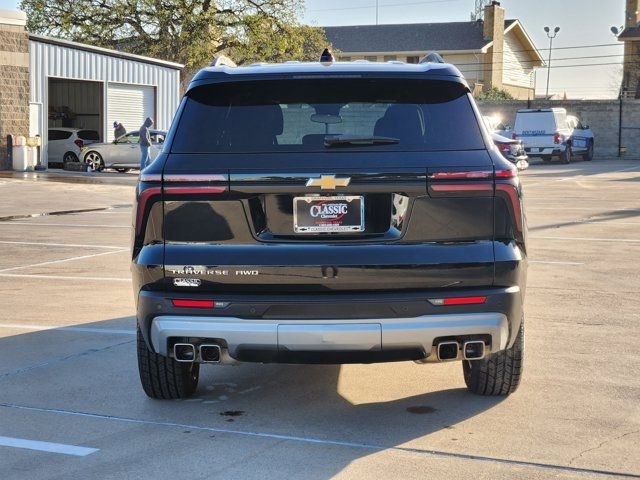 Used 2025 Chevrolet Traverse LT image 13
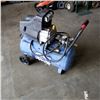 Image 1 : 2 WHEEL BLUE AIR COMPRESSOR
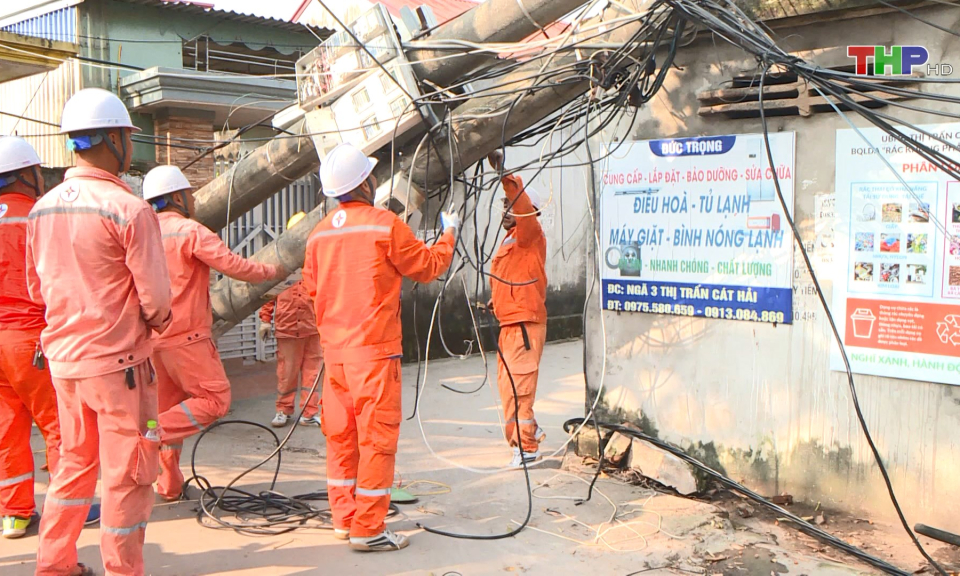 Sớm kh&ocirc;i phục hệ thống điện v&agrave; th&ocirc;ng tin li&ecirc;n lạc tại C&aacute;t Hải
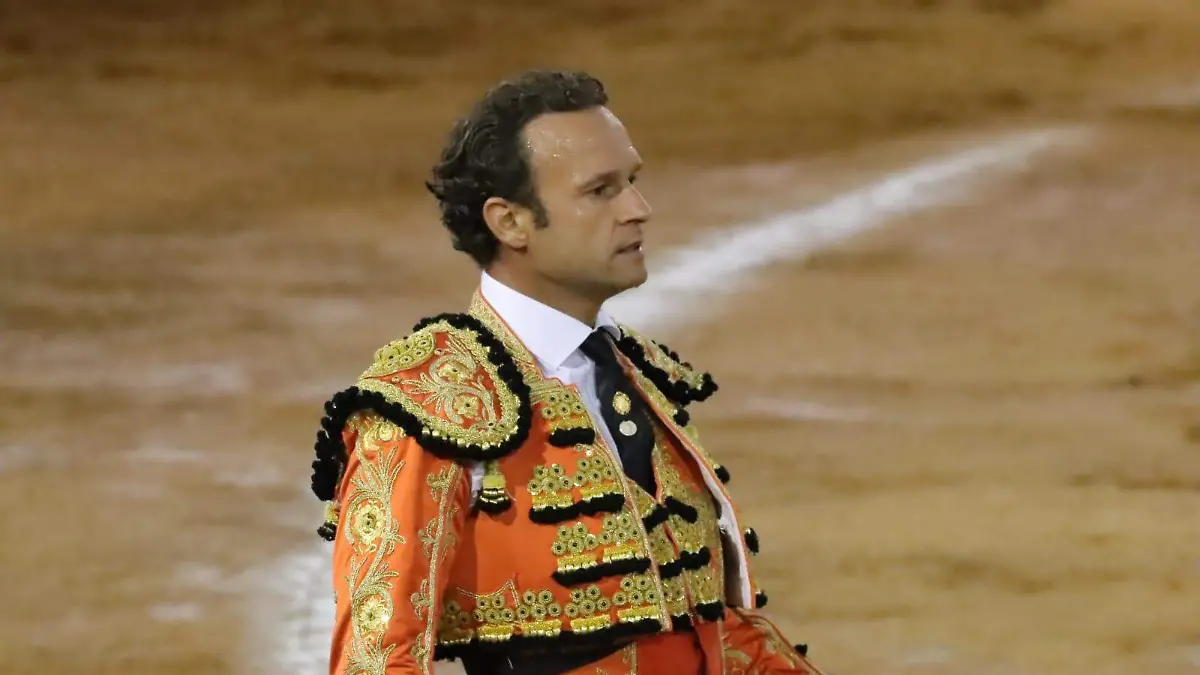 64207406-f462-4b04-86ef-829c0d688f86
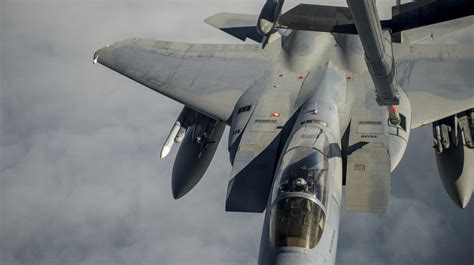 F-15 refueling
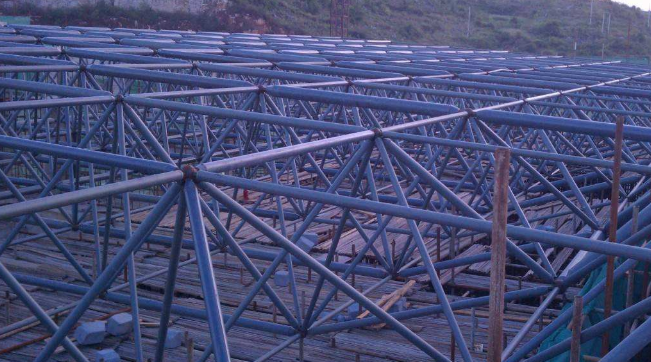 威海概述网架加工中对钢材的质量的过细恳求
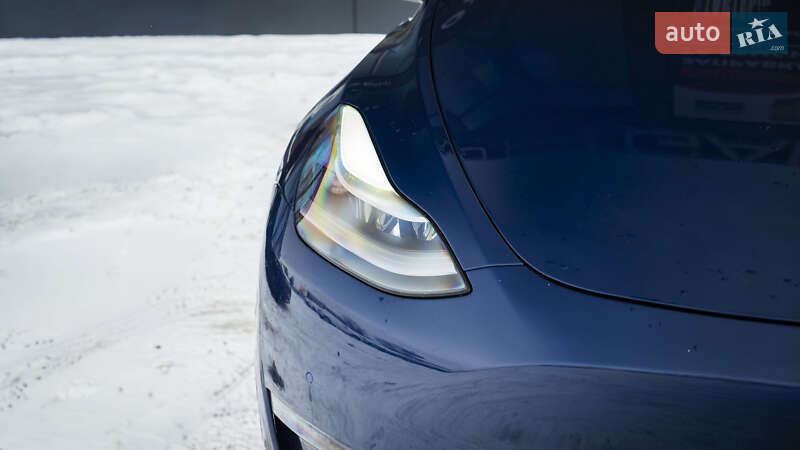 Внедорожник / Кроссовер Tesla Model Y 2022 в Киеве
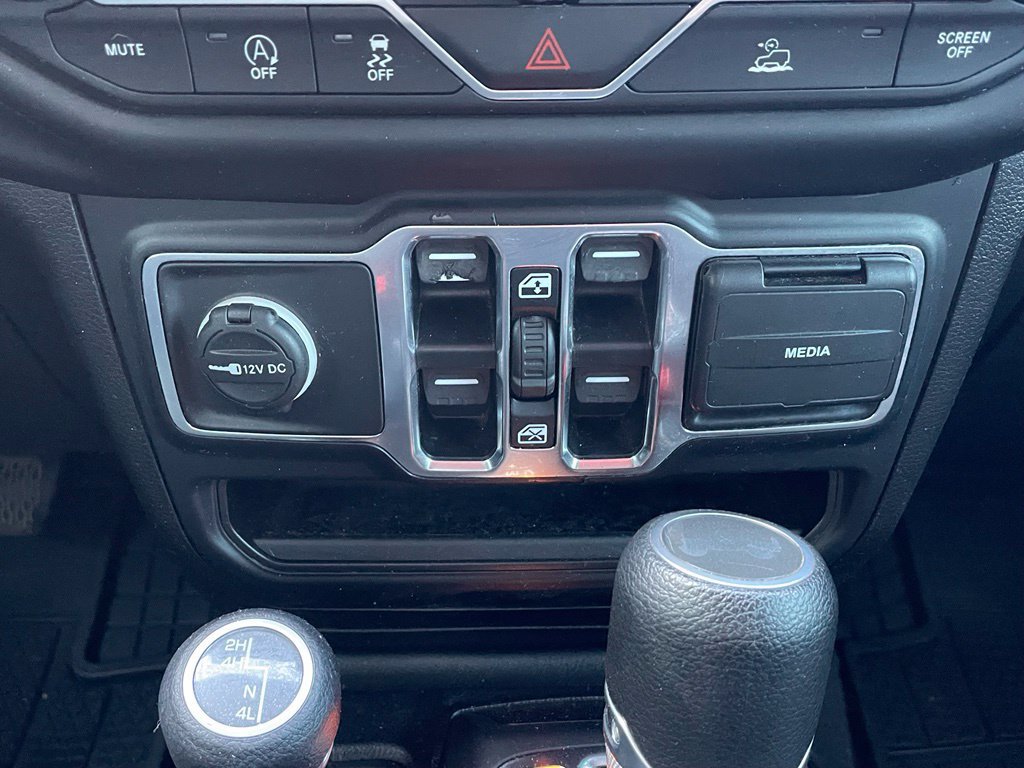 Used 2021 Jeep Wrangler Unlimited Sport AWD/4WD image 22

▶ _Required work_:
Take only the line containing "威海概述网架加工中对钢材的质量的过细恳求" and every line after it to the end of the entries, and copy them exactly, pictures excluded.

▶ _Solution to the problem_:
 威海概述网架加工中对钢材的质量的过细恳求
 Внедорожник / Кроссовер Tesla Model Y 2022 в Киеве
 Used 2021 Jeep Wrangler Unlimited Sport AWD/4WD image 22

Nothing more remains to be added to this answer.